🤖 AI Summary
This work addresses the challenge of generating temporally and geometrically coherent videos between synchronized third-person (exo) and first-person (ego) views, which often suffer from spatiotemporal and geometric discontinuities. To this end, the authors propose Syn2Seq-Forcing, a novel framework that unifies cross-view video generation as a single continuous sequence modeling task. By constructing interpolation signals between source and target videos and leveraging diffusion sequence models—such as Diffusion Forcing Transformers—the method directly learns smooth inter-frame transitions without relying on explicit pose interpolation, thereby mitigating temporal jitters during viewpoint switches. The approach significantly enhances both temporal coherence and visual quality of the generated videos, establishing a general and scalable foundation for bidirectional Exo↔Ego synthesis.
📝 Abstract
Exo-to-Ego video generation aims to synthesize a first-person video from a synchronized third-person view and corresponding camera poses.

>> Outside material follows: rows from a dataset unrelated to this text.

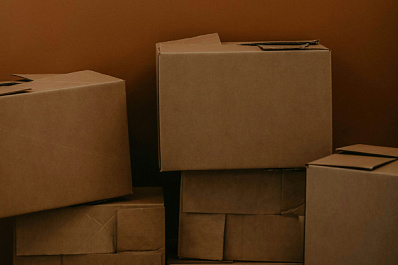 Дошло до суда: в Тольятти мать с дочерью завалили лестницу хламом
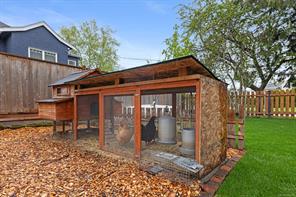886 Maddison St — listing photo 48 of 49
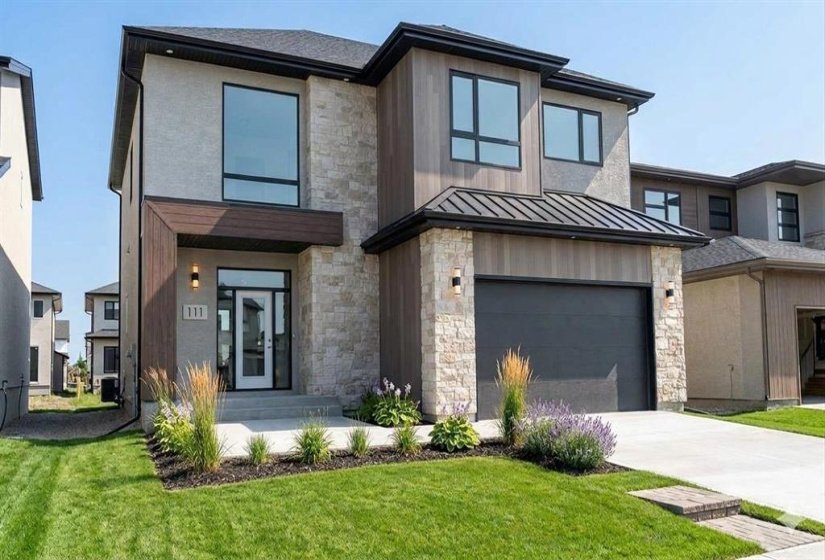111 BullRush, 4 Bedroom Bedrooms, 12 Room Rooms,3 BathroomBathrooms,Residential,For Sale,BullRush,0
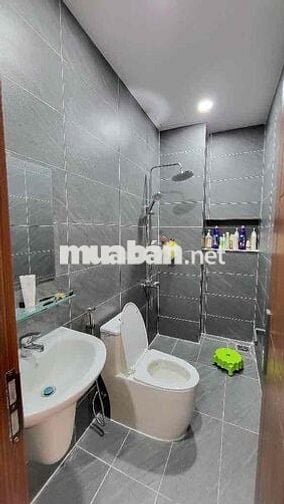 NHÀ MỚI 4 TẦNG LINH ĐÔNG– HẺM Ô TÔ- SÁT PHẠM VĂN ĐỒNG- 4PN- GIÁ 6,7 TY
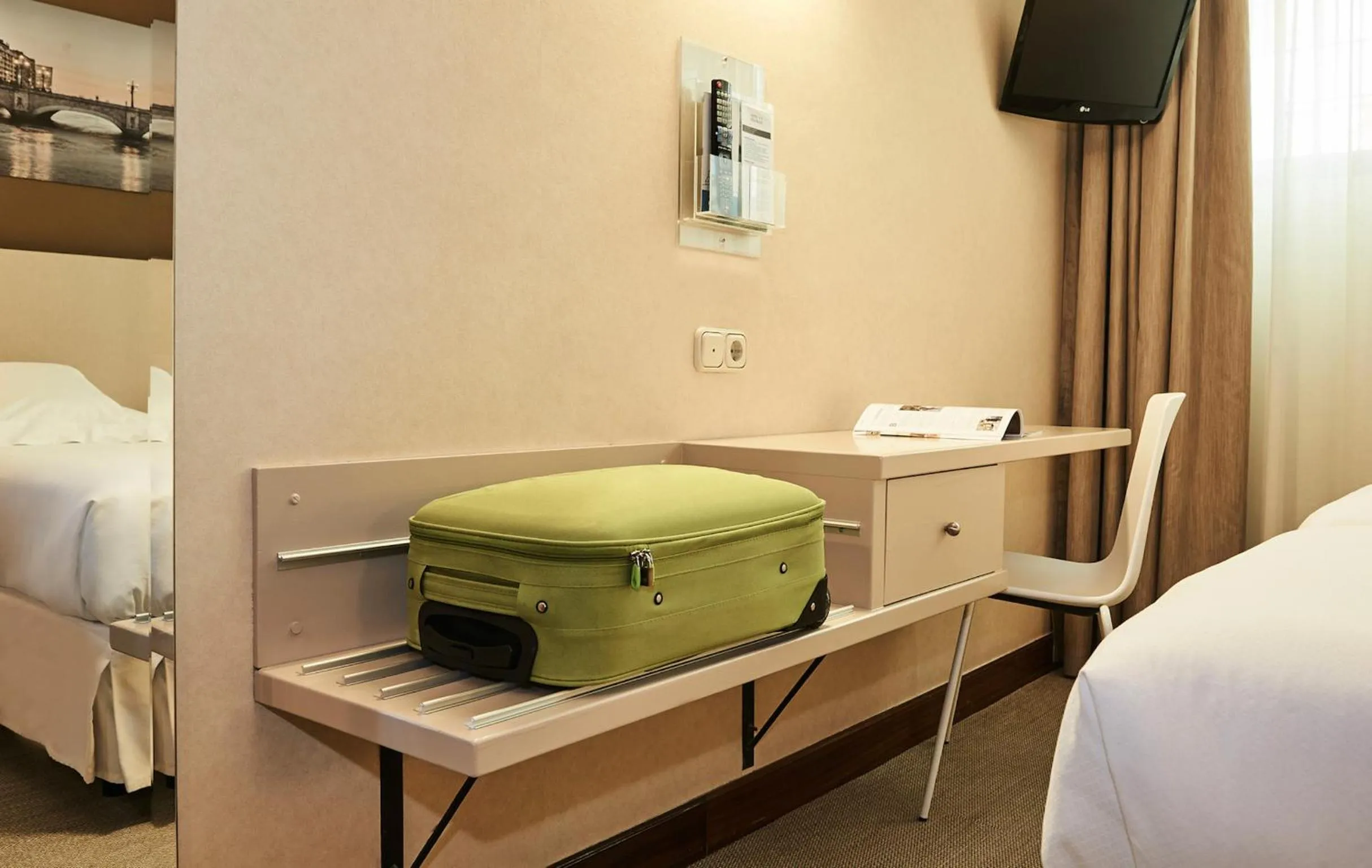 Bedroom, Bed in Hotel Parma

While paired supervision is available, synchronized exo-ego data inherently introduces substantial spatio-temporal and geometric discontinuities, violating the smooth-motion assumptions of standard video generation benchmarks. We identify this synchronization-induced jump as the central challenge and propose Syn2Seq-Forcing, a sequential formulation that interpolates between the source and target videos to form a single continuous signal. By reframing Exo2Ego as sequential signal modeling rather than a conventional condition-output task, our approach enables diffusion-based sequence models, e.g. Diffusion Forcing Transformers (DFoT), to capture coherent transitions across frames more effectively. Empirically, we show that interpolating only the videos, without performing pose interpolation already produces significant improvements, emphasizing that the dominant difficulty arises from spatio-temporal discontinuities. Beyond immediate performance gains, this formulation establishes a general and flexible framework capable of unifying both Exo2Ego and Ego2Exo generation within a single continuous sequence model, providing a principled foundation for future research in cross-view video synthesis.